AICVOct 31, 2024

Understanding Graphical Perception in Data Visualization through Zero-shot Prompting of Vision-Language Models

arXiv:2411.00257v18 citationsh-index: 10
Originality Incremental advance
AI Analysis

This work addresses the problem of understanding VLM alignment with human chart comprehension for researchers and practitioners in data visualization, enabling broader applications like designing and evaluating visualizations, though it is incremental in establishing foundational insights.

The paper evaluated zero-shot prompting of Vision-Language Models (VLMs) on graphical perception tasks with known human performance, finding that VLMs perform similarly to humans in specific task and style combinations, indicating potential for modeling human performance.
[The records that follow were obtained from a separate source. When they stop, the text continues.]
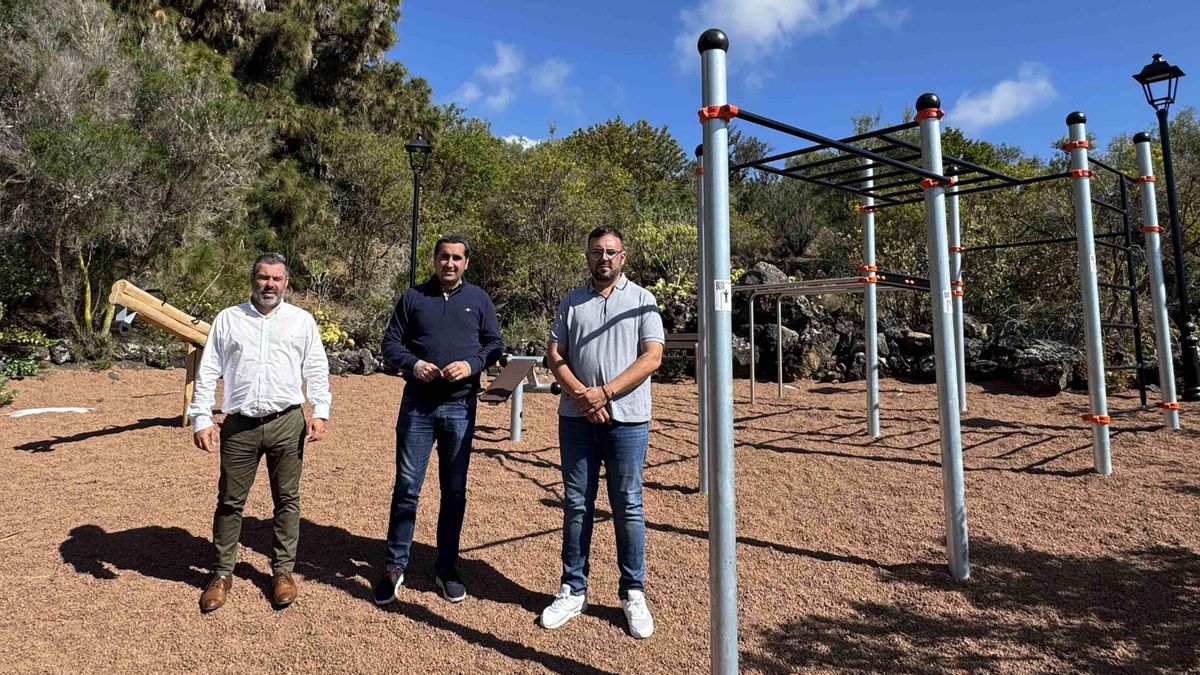 Breña Baja culmina la instalación del nuevo Parque de Calistenia en Finca Amado.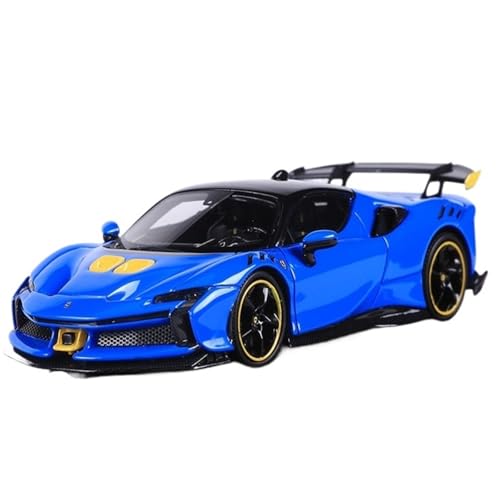Mini Auto Spielzeug 1:64 Für Ferrari SF90XX Stradale Sportwagen-Simulation Harz Automodell Blau Supercar Display Wohnkultur Mini Auto Spielzeug 1:64 Für Ferrari SF90XX Stradale Sportwagen-Simulation Harz Automodell Blau Supercar Display Wohnkultur von CYQOCD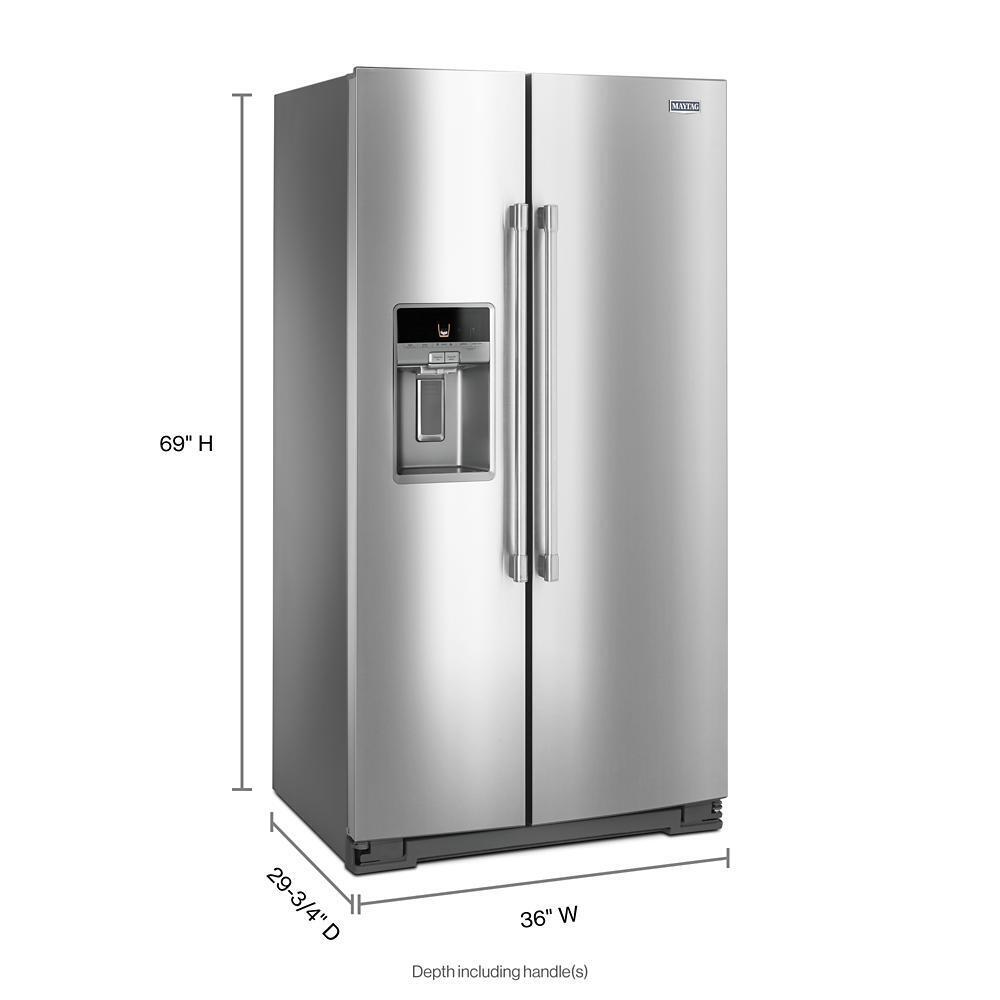 36- Inch Wide Counter Depth Side-by-Side Refrigerator- 21 Cu. Ft.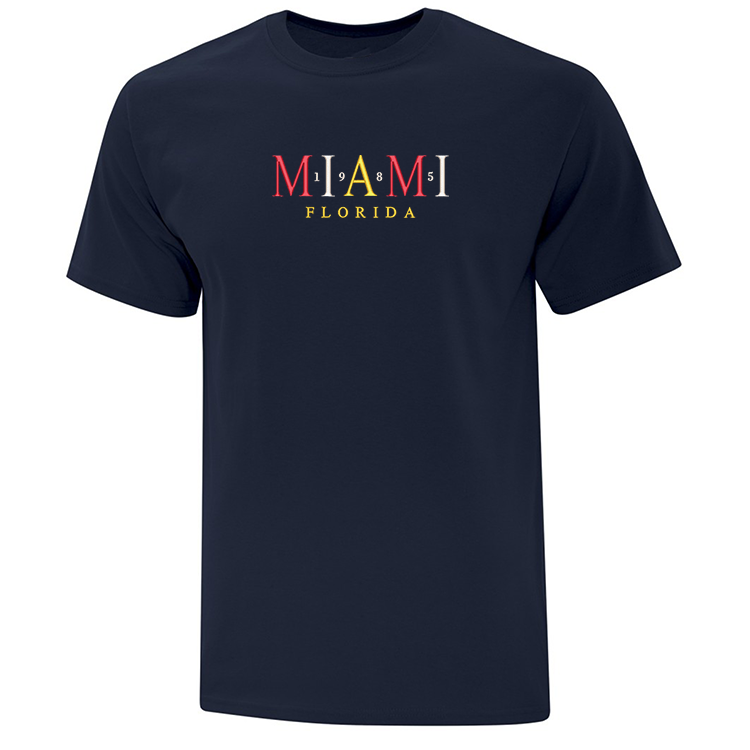 T-shirt "Miami" brodé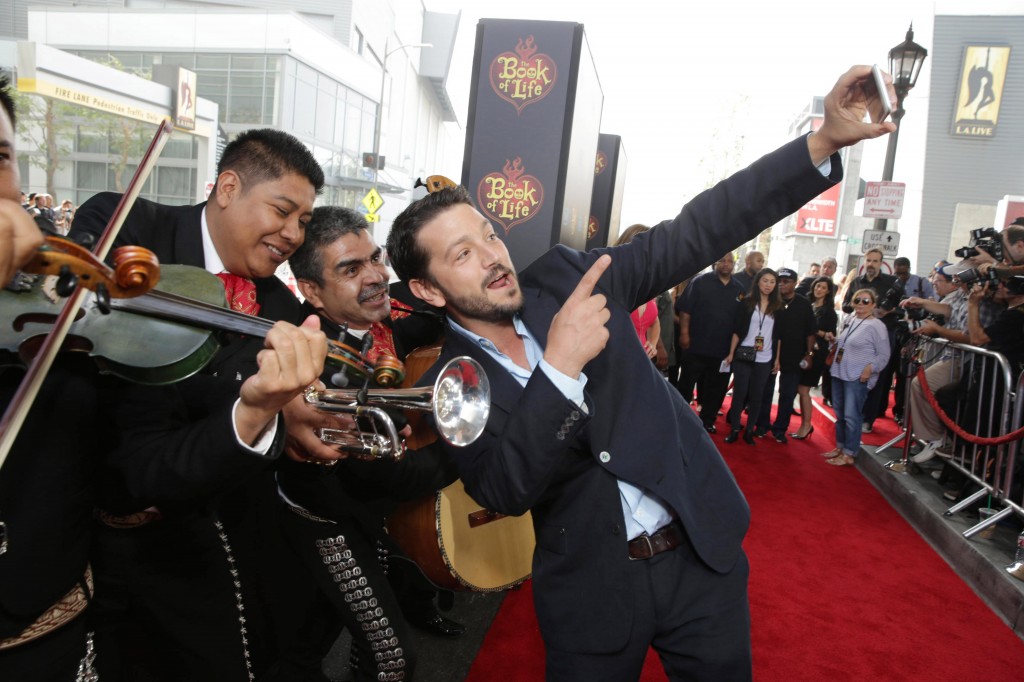 Diego Luna at the LA premier of The Book Of Life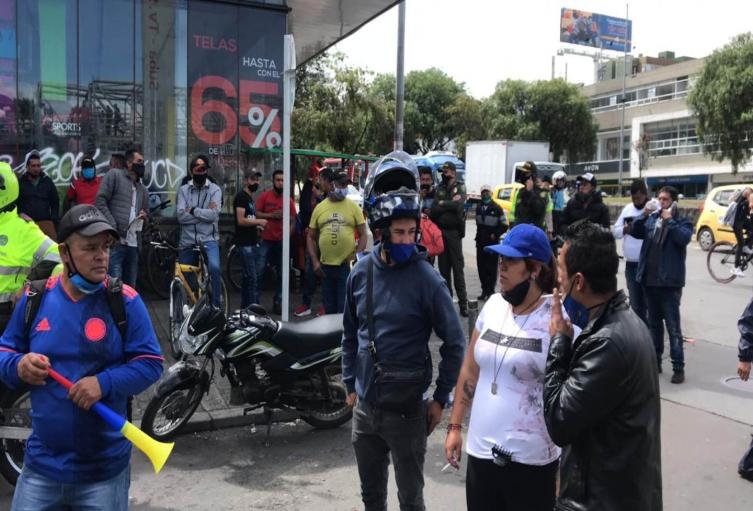 Protestas en Suba y la Autopista Norte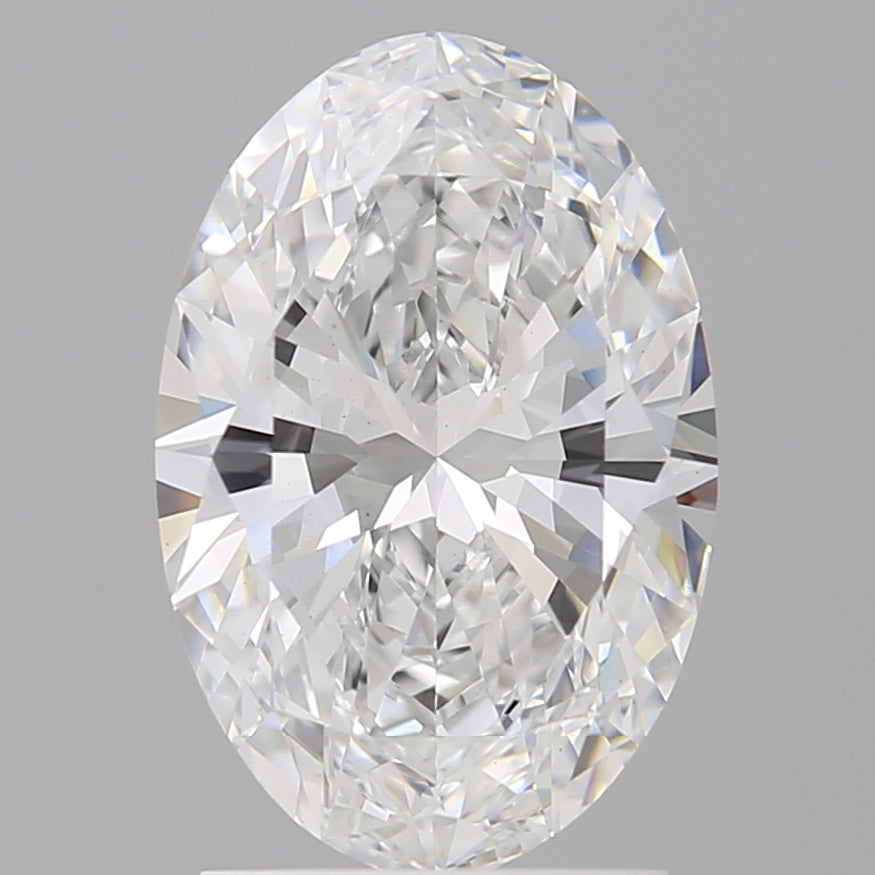 2.08ct Oval Lab-Grown Diamond — E VS1, IGI Certified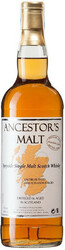 Виски "Ancestor's" Malt Speyside Single Malt, 0.7 л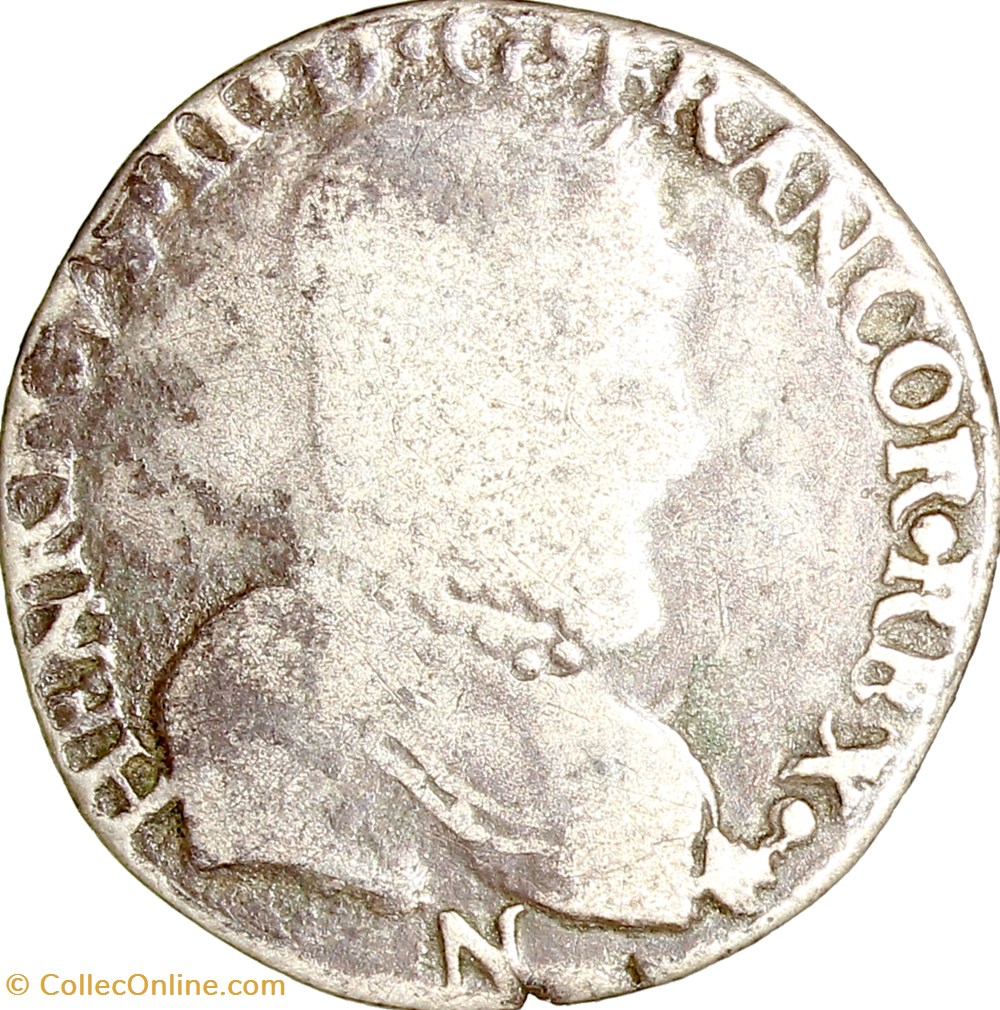 monnaies europe medievale france royales demi teston henri ii 1557 bayonne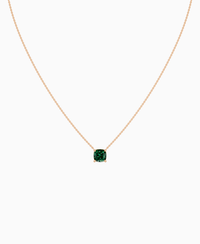 Zambian Lab Emerald / Cushion / 2ct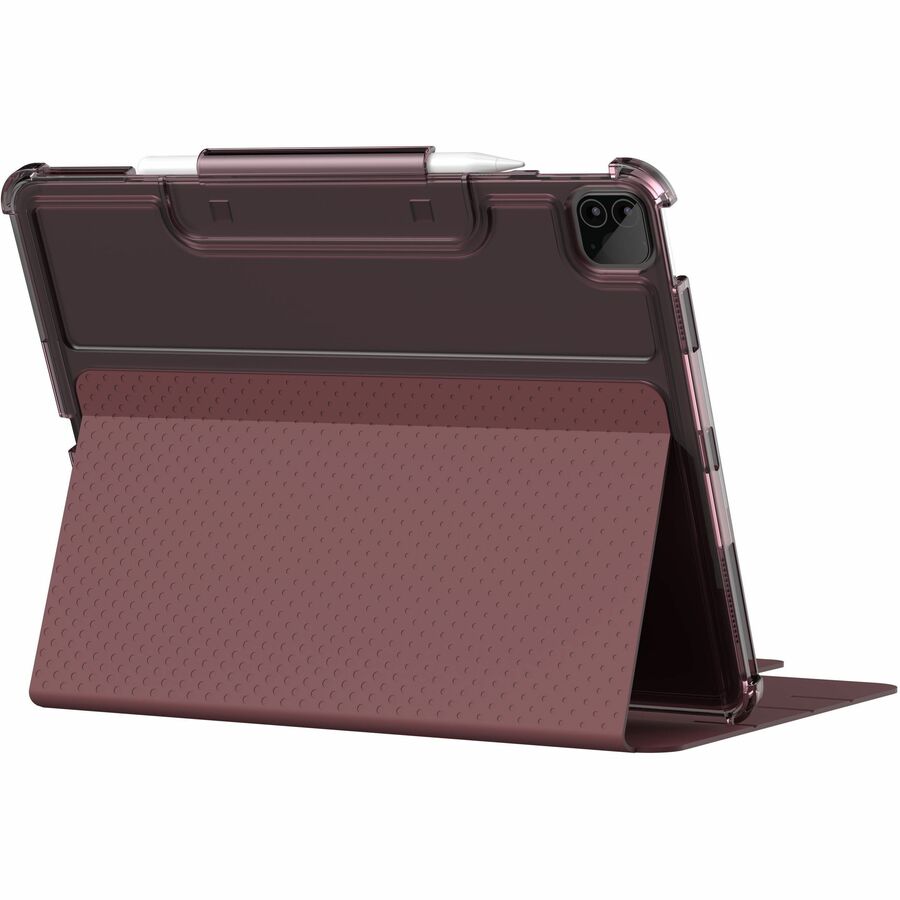 Urban Armor Gear Lucent Carrying Case (Folio) for 12.9" Apple iPad Pro (5th Generation), iPad Pro (4th Generation) Tablet, Stylus - Aubergine, Dusty Rose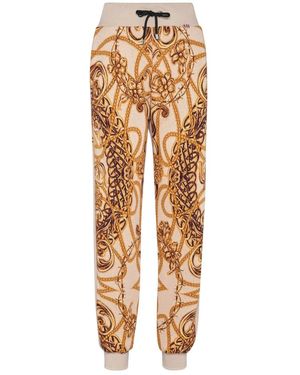 Philipp Plein Broeken ,Katoen Joggingbroek New Baroque - Metallic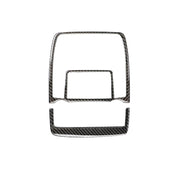 Adesivo decorativo per luce di lettura in tinta unita in fibra di carbonio 2 in 1 per BMW E70 X5 / E71 X6 2008-2013, guida a destra e a sinistra universale, Reading Light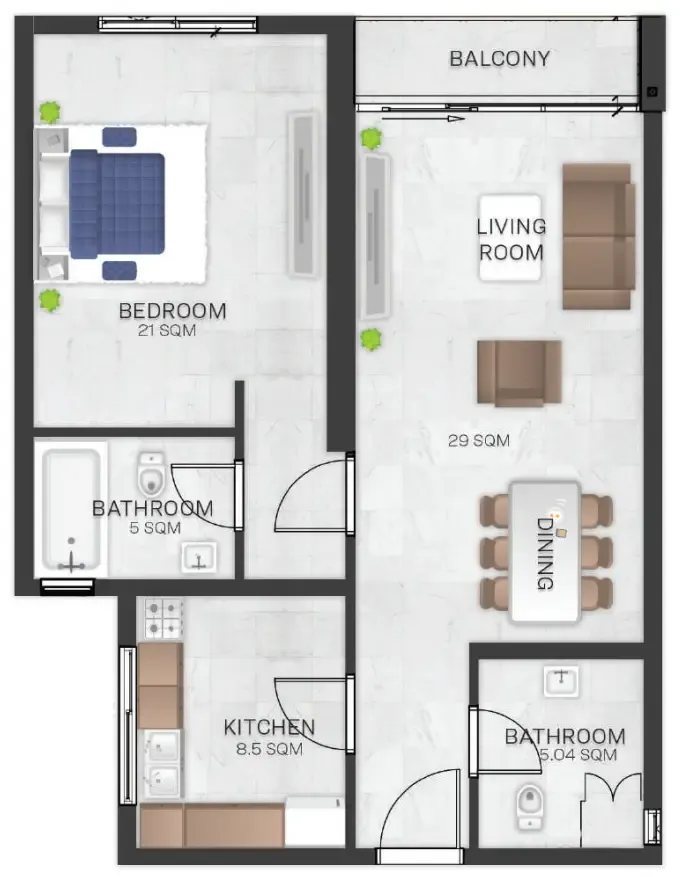GJ Properties Bluebell Residence floor plan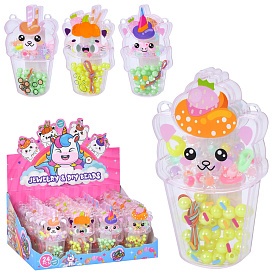 Бісер LD6501-14-15 намистини, підвіски, кор. (пласт.), 24 шт. (мікс видів) в диспл., 29,5-13-19 см. - 1 - smarttoys.com.ua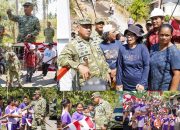 Tinjau Jembatan Perintis Garuda, Pangdam XIII/Merdeka Tekankan Manfaat bagi Masyarakat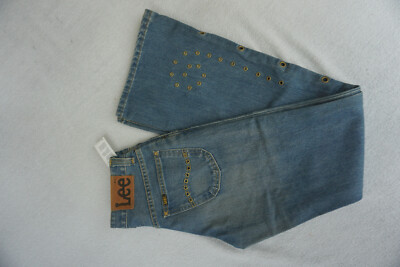 LEE Felton Damen Jeans flare bootcut schlag Hose 27/33 W27 L33 blau nieten NEU.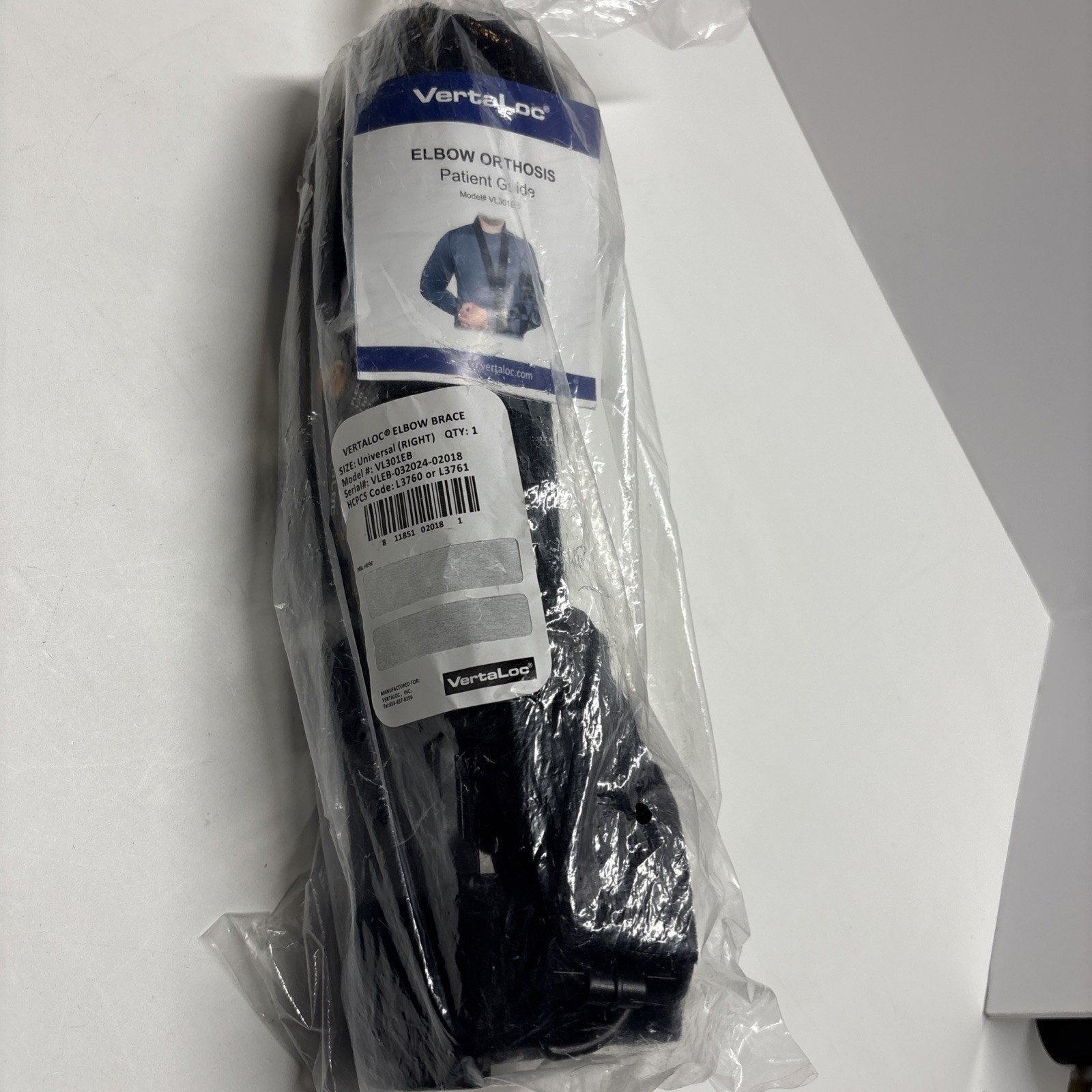 VertaLoc Elbow Brace Support VL301EB Universal Right Arm HCPCS: L3760 L3761 NEW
Vision Language Models (VLMs) have been successful at many chart comprehension tasks that require attending to both the images of charts and their accompanying textual descriptions. However, it is not well established how VLM performance profiles map to human-like behaviors. If VLMs can be shown to have human-like chart comprehension abilities, they can then be applied to a broader range of tasks, such as designing and evaluating visualizations for human readers. This paper lays the foundations for such applications by evaluating the accuracy of zero-shot prompting of VLMs on graphical perception tasks with established human performance profiles. Our findings reveal that VLMs perform similarly to humans under specific task and style combinations, suggesting that they have the potential to be used for modeling human performance. Additionally, variations to the input stimuli show that VLM accuracy is sensitive to stylistic changes such as fill color and chart contiguity, even when the underlying data and data mappings are the same.